Table Speech


“Rotary Awareness Month” Meeting
“Memories of Tokyo in the 1950s”

January 13, 2010

Mr. Christopher W. McDonald
Member of Tokyo Rotary Club

 I came to Japan in April 1950, so this year will mark my 60th Anniversary or ‘kanreki’ as a resident here in Tokyo. I worked for NCR Japan for the first 30 years. I joined Tokyo Rotary Club in April 1981, a year after becoming President of Rolex Japan, sponsored by Kakuichiro Fujiyama. It would be difficult to condense all my experiences of 60 years, so my speech today will focus on what Tokyo was like in the 1950s soon after the war.

 I first landed at Haneda Airport on April 25th, 1950 on a BOAC flight from Hong Kong. Haneda Airport was the US military airbase then, allowing a limited number of commercial flights. Immigration and customs formalities were handled by Japanese officials.

 It was a dull rainy day, and the roads to central Tokyo were still badly scarred by the bombing raids of 1945 with numerous potholes. No new buildings had been constructed yet, leaving Tokyo with miles of drab buildings and small dwellings, a monotonous and dreary town.

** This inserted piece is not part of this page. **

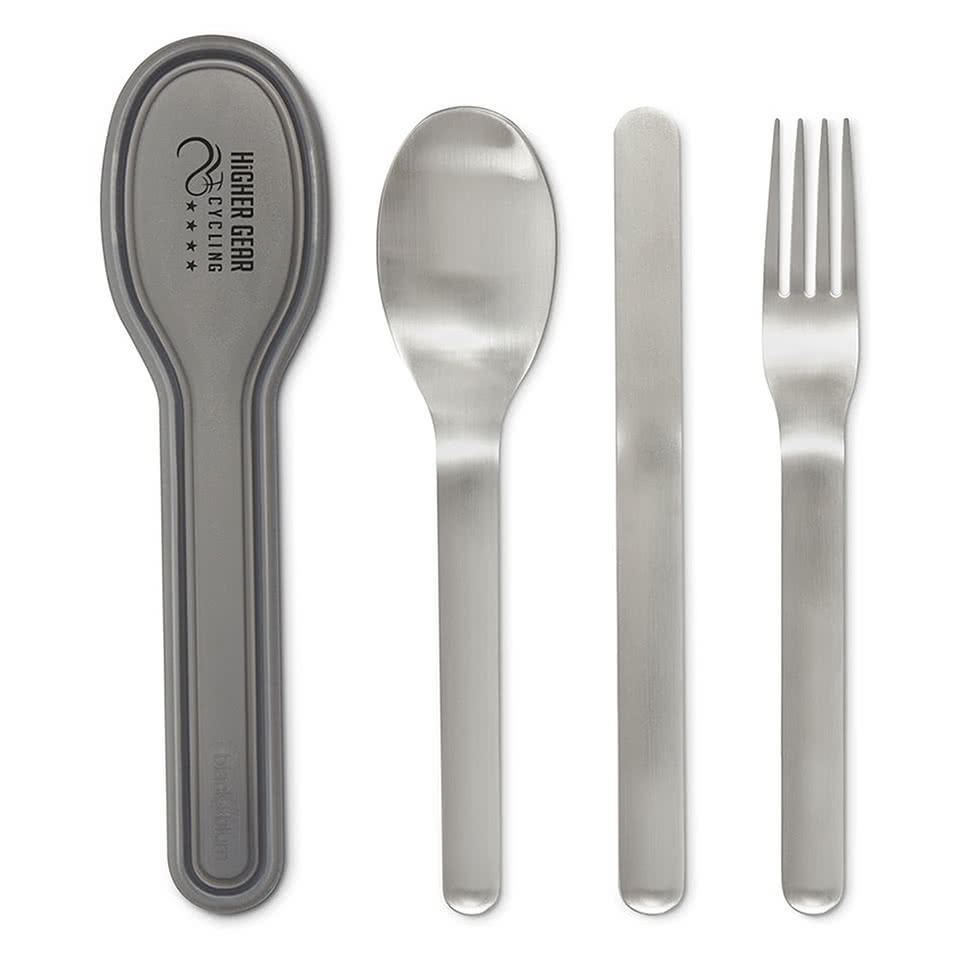 Black+Blum Lunch Box Cutlery Set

 My official status was a ‘foreign trader,’ meaning foreign nationals engaged in commercial activities with the permission from SCAP (Supreme Commander for the Allied Powers). I stayed at Hotel Teito, the predecessor of Palace Hotel, which was reserved exclusively for foreign traders. Imperial Hotel was for the exclusive use of senior US military officers, whilst the old Marunouchi Hotel was reserved for the British Commonwealth military officers. There were very few hotels in Tokyo then, because hotels like Okura, New Otani, Hilton and Palace were constructed in the early 1960s for the 1964 Tokyo Olympic Games. With so many foreign traders visiting Japan to seize the immediate post-war business opportunities, available rooms were hard to find. I first had to share the room with three other guests, with one bathroom and practically no room for chairs. I can’t complain because I was lucky enough to finally get a room to myself, after a few weeks, by pressing the manager for better accommodation. My office was in Ginza, a walking-distance from the Hotel.

 Tokyo in 1950s was vastly different from what it is today. Streetcars still ran in the city center and dozens of ‘yatai’ (small stalls) were set up along the Ginza, selling variety of local merchandise and souvenirs for the American GIs. There was also a black market operating around Ginza, Shinjuku and Shibuya, peddling mostly imported American goods. The authority appeared to turn a blind eye to these activities, for business flourished until the Peace Treaty was signed in 1951.

 One thing I still recall is the average men in the street, despite all the hardships in the post-war years, were never openly despondent, never complained, was always clean and neatly dressed, and above all, appeared to still retain a real sense of pride in being Japanese. I am often tempted to draw comparison with the society of today.

 It was not unusual for us to carry around several different kinds of currency then, including the Japanese Yen curiously called the “indigenous Yen.” Fixed exchange rate was \360 to US dollar and \1,008 to the sterling pound. But you could purchase almost anything with the almighty US dollar. There was also MPC (Military Payment Certificates), which was for official use at US military camps and facilities including the PX (Post Exchange Store). Foreign traders had our own currency coupons ‘Foreign Traders Payment Certificate’ to be used at designated outlets such as the OSS (Overseas Supply Store) in Ginza and other similar establishments. The British Commonwealth Forces (BCOF) also had their currency for use in the main base Ebisu Camp.

 As my office was in Ginza, I tended to spend the evening with Japanese friends in and around the area, which was home to hundreds of clubs, bars and cabarets. There were plenty of small Japanese eating places to be found, especially around Shimbashi and Yurakucho, while western-style restaurants were few. What is to note is that almost all of these bars and clubs were ‘off-limits’ to military personnel. It was a common sight for several burly American MPs to suddenly appear and demand ID from non-Japanese present. Any military personnel found were immediately escorted off the premises.

 I visited various offices in the Marunouchi district for business. The Diichi Seimei Building at Hibiya was the SCAP Headquarters where General MacArthur had his office. He shuttled between his Headquarters and his residence at the US Embassy. Many Japanese were in awe of MacArthur, and gathered daily to catch glimpse of him as he commuted. When MacArthur was recalled by President Truman in April 1951, as many as 300,000 Japanese citizens lined the route from the American Embassy to Haneda at 6:30 am to bid him farewell.

 After staying at Hotel Teito for about two months, I moved to a small house found by my Company in Soshigaya-Okura. In 1952, I moved again to Kichijoji.

 My speech touched the surface of what Tokyo was like in the 1950s. It was indeed a different world. Tokyo today is a far more comfortable place to live in. Yet I feel a sense of nostalgia when I look back on those relatively primitive but nonetheless happy days.